Transcriptome-wide, genes upregulated in strong versus weak HCC samples were significantly enriched for the Gene Ontology term ‘canonical Wnt signaling pathway’ as well as terms associated with proliferation and stem cell function (Fig. 5f, Supplementary Fig. 8 and Supplementary Tables 5 and 6). Notably, the telomerase subunit TERT was among the most significantly upregulated genes (Supplementary Table 5). TERT may be a direct transcriptional target of β-catenin regulation⁴⁵, and activating mutations in the TERT promoter are among the most frequent HCC driver mutations^8,46.

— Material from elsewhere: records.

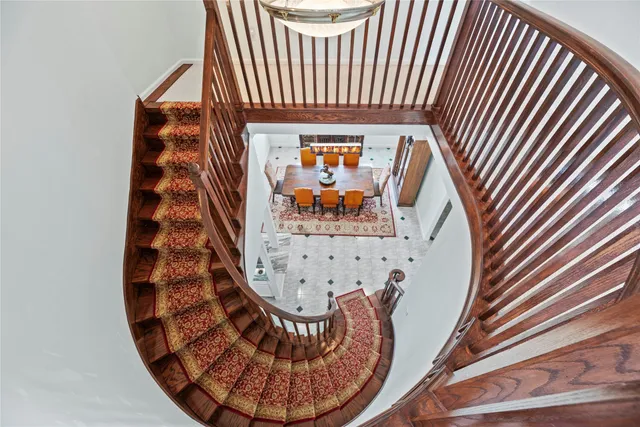 $898,000 | 1423 Kelliwood Oaks Drive, Katy, TX 77450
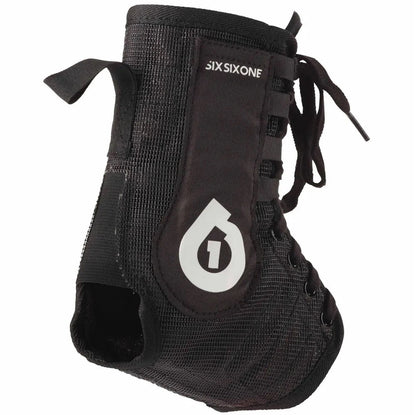 SixSixOne - Race Brace Pro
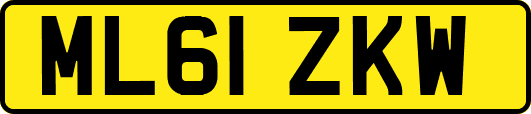 ML61ZKW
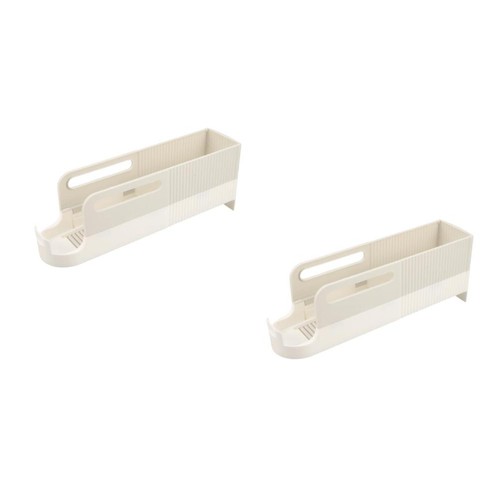 Set organisateur de - of,
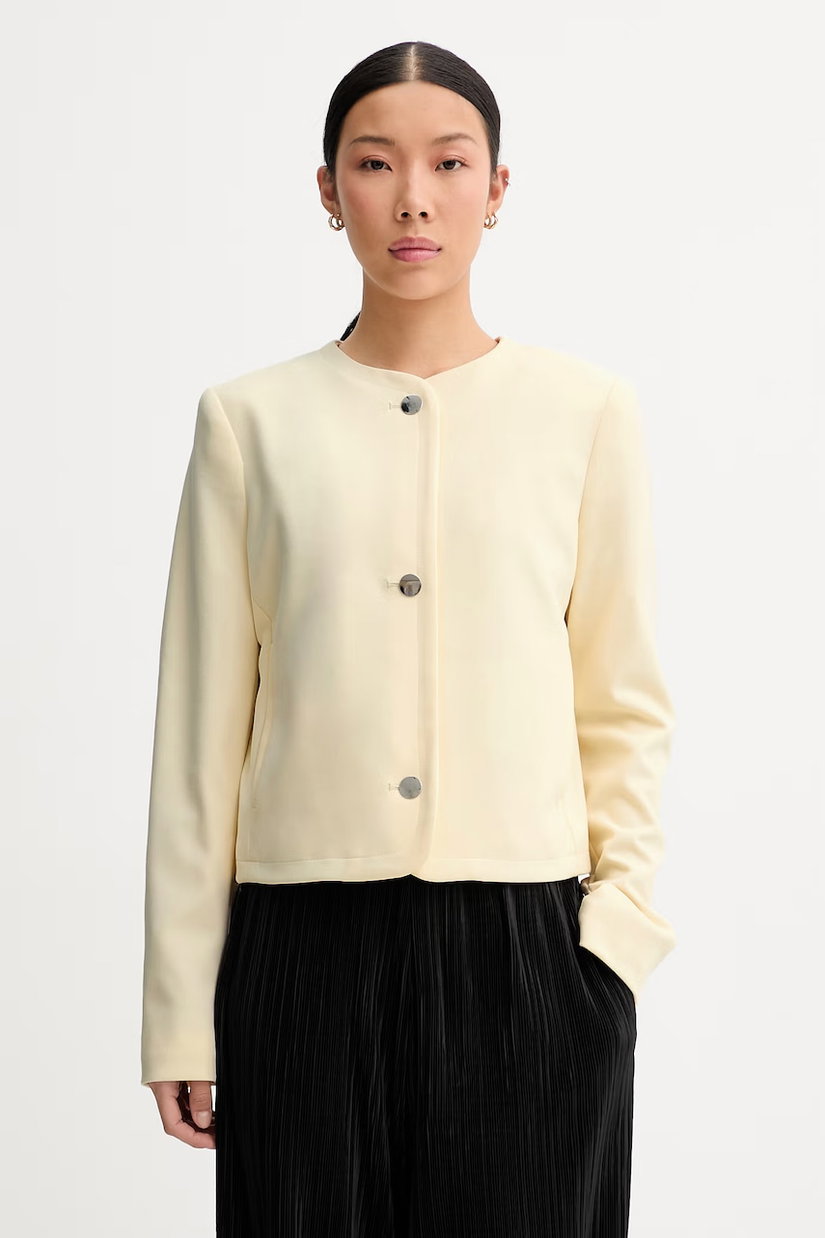 Calvin Klein sacou pentru femei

Genes upregulated in tumors with weak versus strong exon 3 mutations were significantly enriched for terms associated with immune cell infiltration (Fig. 5f and Supplementary Table 6). Given that β-catenin signaling activation is a major immune escape pathway in several tumor types, including HCC^15,47, weaker pathway activation may permit greater immune engagement, with potential implications for patient stratification and targeted therapy^15,48,49. Consistent with this idea, tumors with weak CTNNB1 mutations showed upregulation of canonical T cell transcripts (Supplementary Fig. 9) to levels similar to tumors lacking CTNNB1 mutations. In addition, histology confirmed more frequent immune cell infiltration in weak versus strong mutant tumors (65 vs 38% with a score of >1, Fisher’s exact test, P = 0.0245; Fig. 5g). Altogether, CTNNB1 exon 3 hotspot MES scores derived from a cell-autonomous reporter assay predict not only β-catenin signaling strength in HCC, but also clinically relevant phenotypes associated with the tumor microenvironment (Fig. 5f,g and Supplementary Fig. 9).